Louisiana officials have been preparing for Barry, and will be positioned for the storm before nightfall, Gov. John Bel Edwards said.
At his Friday press conference, the Governor said everyone should take this storm seriously.
"It is critical that everybody out there monitor the situation and heed the advice of local authorities," Edwards said.
He said Louisiana's efforts will be ready before nightfall for the storm, and urged residents to be ready by then as well.
"Be where you need to be and have what you need to have to protect yourself and your family," the governor said.
The National Guard has mobilized about 3,000 soldiers and they are staged in the greater New Orleans, Northshore, Baton Rouge and Acadiana areas, said Major General Glenn H. Curtis, Adjutant General for the Louisiana National Guard.
"We have soldiers and equipment arrayed across south Louisiana, including high water vehicles, boats, helicopters," Curtis said.

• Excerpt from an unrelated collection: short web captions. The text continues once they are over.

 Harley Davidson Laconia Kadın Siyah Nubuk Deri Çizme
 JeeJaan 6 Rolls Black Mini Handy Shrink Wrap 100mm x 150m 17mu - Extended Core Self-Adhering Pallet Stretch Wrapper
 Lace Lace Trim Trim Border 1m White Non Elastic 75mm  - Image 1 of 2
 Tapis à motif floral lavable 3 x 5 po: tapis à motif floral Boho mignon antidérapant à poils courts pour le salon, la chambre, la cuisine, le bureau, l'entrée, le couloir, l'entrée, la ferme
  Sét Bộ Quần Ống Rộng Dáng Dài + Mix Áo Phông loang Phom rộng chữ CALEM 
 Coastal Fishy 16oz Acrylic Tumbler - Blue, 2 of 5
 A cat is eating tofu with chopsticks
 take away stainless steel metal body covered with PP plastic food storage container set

Before the storm hits, the soldiers are shoring up levees and helping with evacuations. After the storm, the soldiers will be ready to help with search and rescue, security and "any other help needed that we can provide."
Here are some resources:
If you haven't prepared and aren't sure where to start, visit getagameplan.org. There's a lot of good information and advice there.
If you are planning your evacuation route, check out 511la.org for closures and congestion. There's also an app you can install on your phone to help you as you're traveling.
If you need a shelter, call 211. Those folks have all the information about every shelter that's open, and will be able to direct you to the right location.
Staying informed is critical, the governor said.
"Stay alert, monitor your local news and follow the instructions of your local officials," Edwards said. "It is criitcal that everybody out there monitor the situation and heed the advice of local authorities."
Stay off the levees, and don't drive through standing water, he added.
"Please do not drive through standing water if you are not absolutely certain you can safely do so," the governor said. "Most fatalities happen when individuals drive into standing water. It's deeper than they thought, and in many cases there is current they can't see. Be patient. Do don't that."
Edwards said the next update will come tomorrow around noon, after landfall and as information about impact has been received.